#### [Collected data entries]
◆ ◆ ◆ ◆ ◆ ◆ ◆

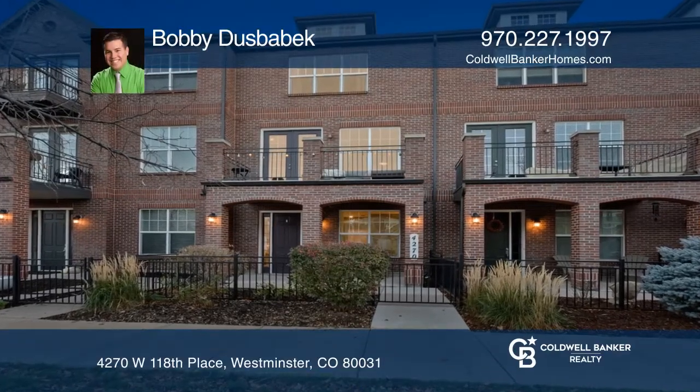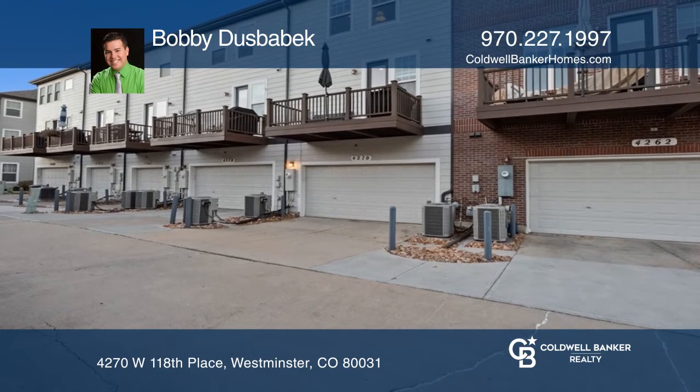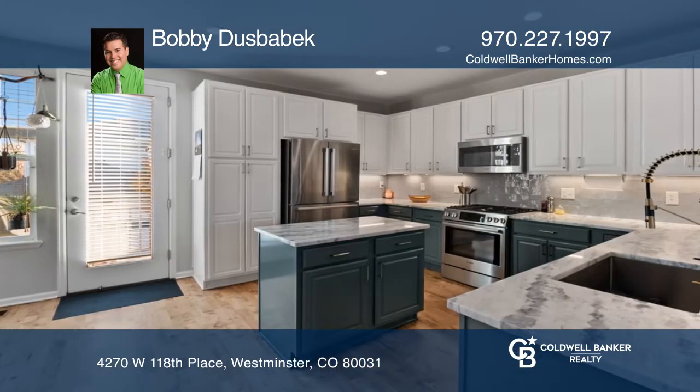This amazing three-bedroom, four-bath townhome is set in a premium location with a two-car garage. The spacious open floor plan features a dream kitchen with stainless steel appliances, stunning countertops, and a breakfast nook.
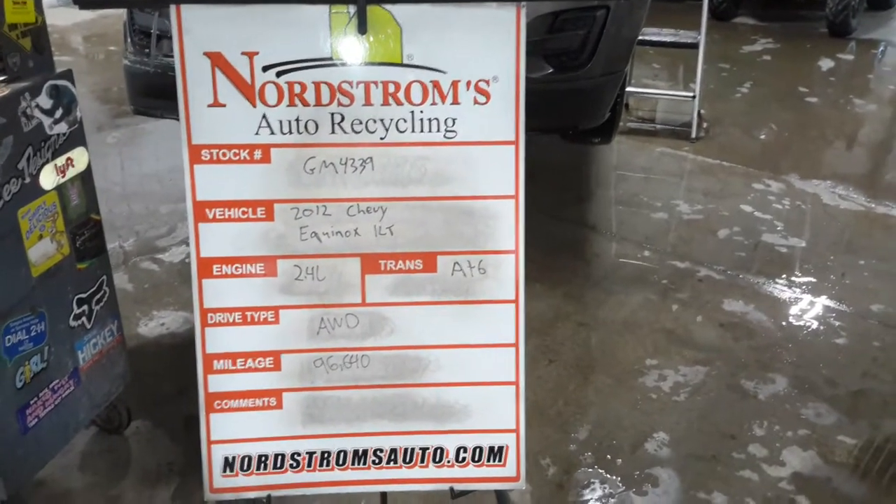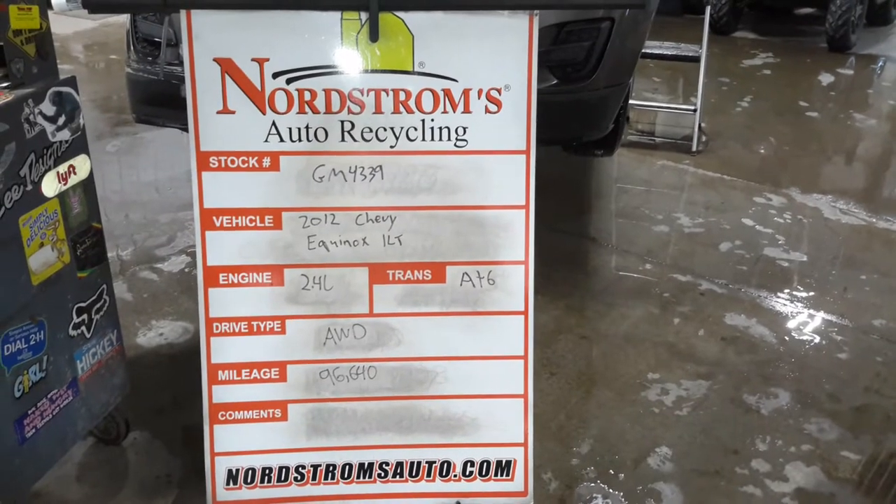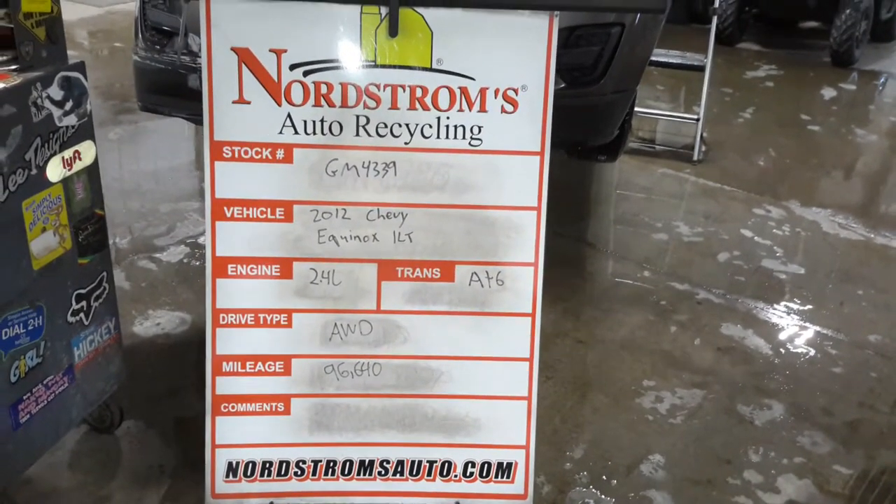Number GM 4339, 2012 Chevy Equinox 1LT, 2.4 liter automatic six-speed, all-wheel drive, with 96,640 miles.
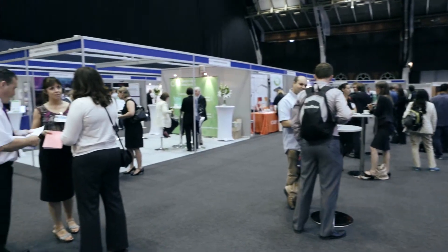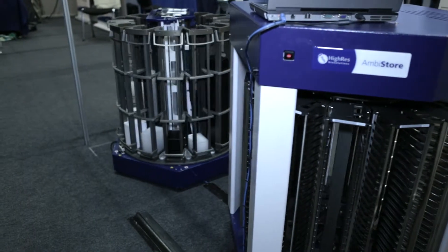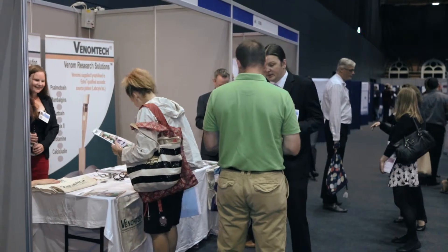Here we are at ELRIG Drug Discovery 2013. This is the European Laboratory Robotics Interest Group meeting where everybody from the international pharmaceutical industry comes together to learn about the new technologies of screening for new therapeutics.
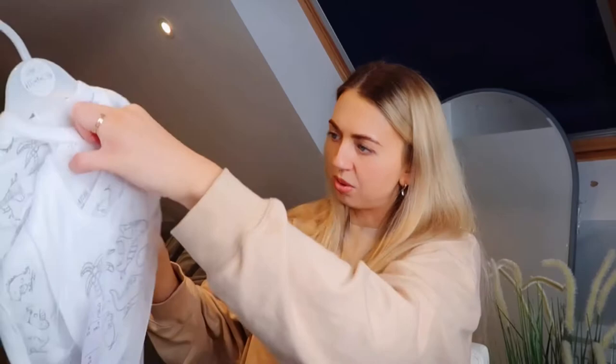TK Maxx again — I don't actually remember buying this one but apparently I did. It's a little set, probably more boyish now that I'm looking at it. It's a five-piece set: it's got a bib, a short sleeve onesie, a long sleeve onesie, scratch mittens and a hat, and that is £9.99. TK Maxx is so good — they have loads of baby stuff and it's all really well priced.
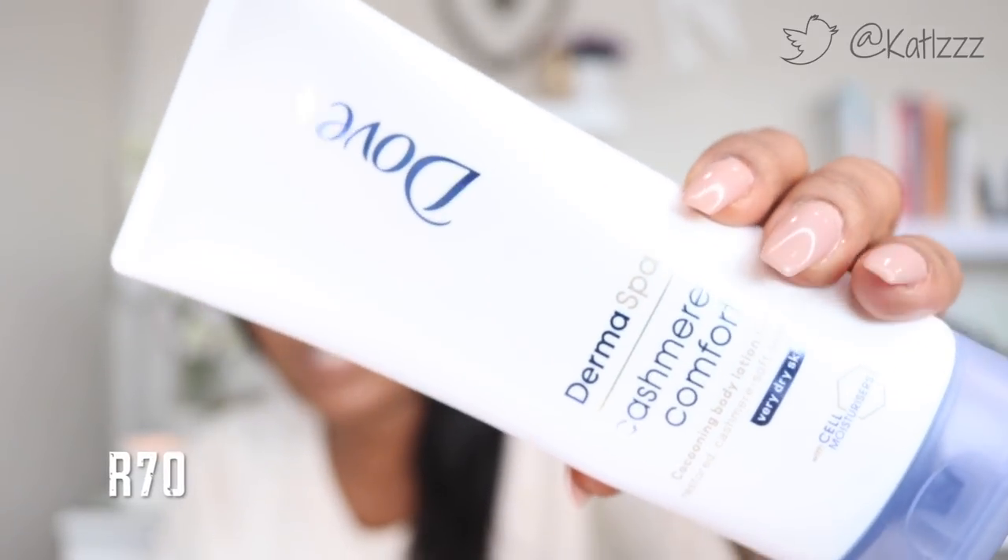The next thing I picked up is the Dove Derma Spa Cashmere Comfort Cocooning Body Lotion for restored cashmere-soft skin — bigger size. That's what that one looks like. I haven't tried it yet, but the scent is very similar to the hand treatment. I'm still working through something else at the moment, but I think I'll use this when I'm traveling or sleeping over somewhere.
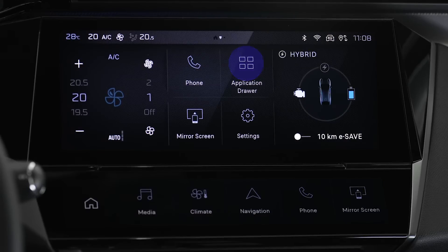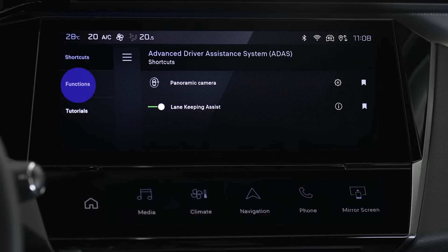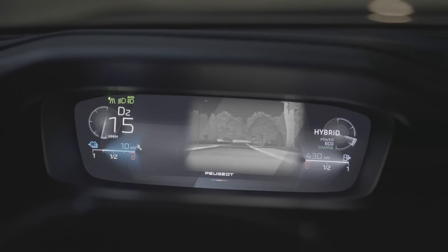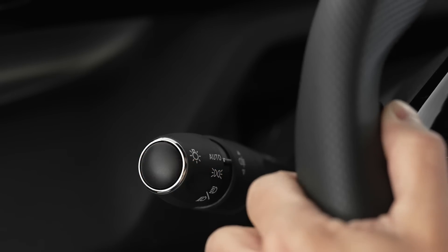To take advantage of the permanent display of the infrared camera image in the handset, select night vision mode by pressing this button. At night, depending on visibility conditions, the system identifies the presence of pedestrians and animals.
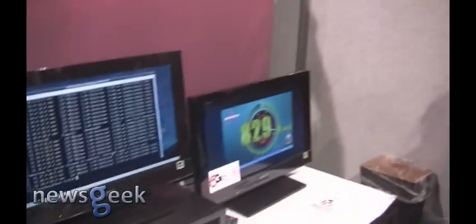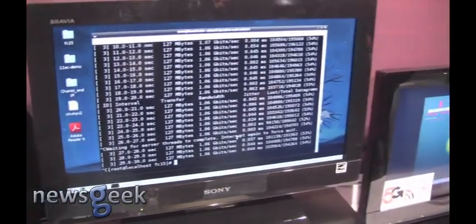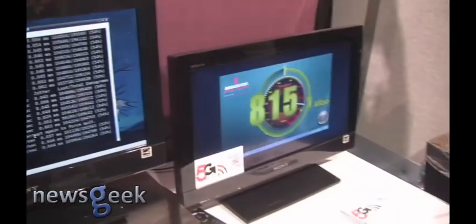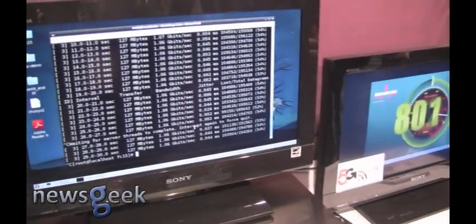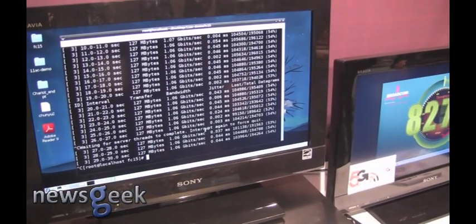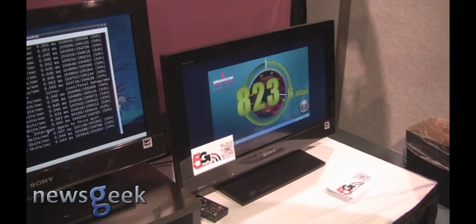We actually have two displays here — one of them is showing UDP throughput, the other is showing TCP throughput — and as you can see, these numbers are numbers that you probably have never seen from a wireless product before. This is operating in 5 gigahertz, and as you can see here on the screen, we're running at about 1.06 gigabits of actual throughput. On the TCP screen over here, we have a speedometer that's showing us running up in the 800s of TCP throughput.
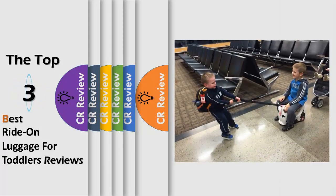Hello viewers, we have brought to you the top 3 best ride on luggage for toddlers review powered by the CR Review.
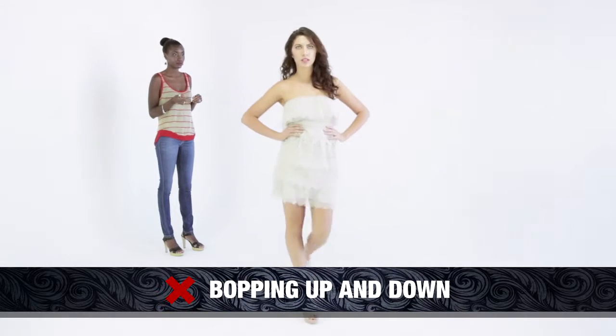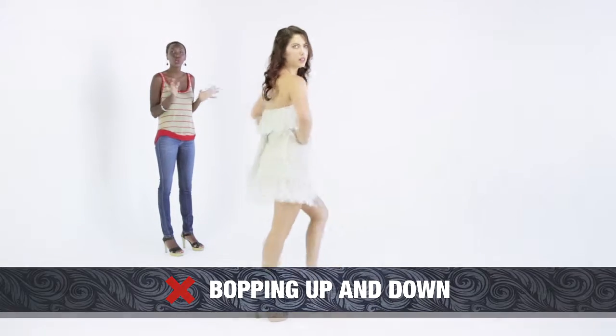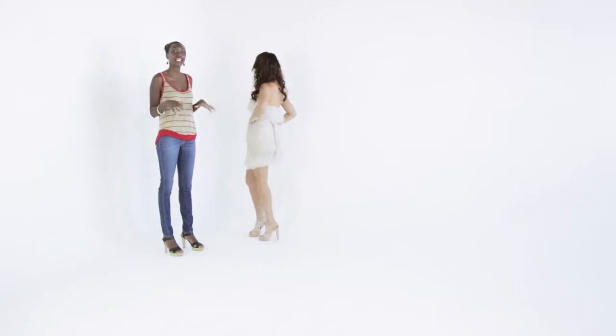So the first one is the bopping up and down. When some models walk, they bop up and down — we don't want to be doing this. It's just too much going on. It should be clean and simple.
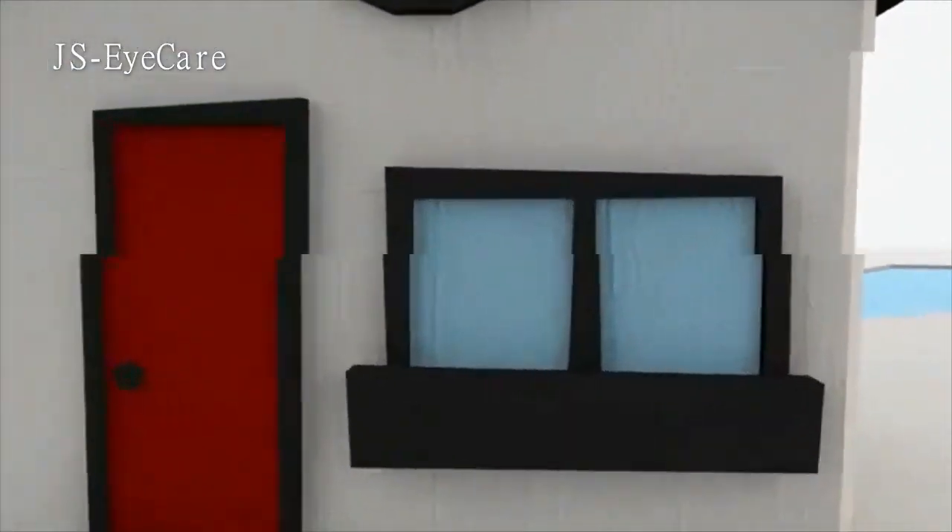If it's your first time wearing progressive lenses, you might experience some side effects like soft dizziness. Don't worry, this is completely normal and will quickly pass.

◆ ◆ ◆ ◆ ◆ ◆ ◆

Only the lines from the start of the records to the one containing "Here we are" should be repeated, exactly and with both ends kept; drop any pictures.

This amazing three-bedroom, four-bath townhome is set in a premium location with a two-car garage. The spacious open floor plan features a dream kitchen with stainless steel appliances, stunning countertops, and a breakfast nook.
Number GM 4339, 2012 Chevy Equinox 1LT, 2.4 liter automatic six-speed, all-wheel drive, with 96,640 miles.
Here we are at ELRIG Drug Discovery 2013. This is the European Laboratory Robotics Interest Group meeting where everybody from the international pharmaceutical industry comes together to learn about the new technologies of screening for new therapeutics.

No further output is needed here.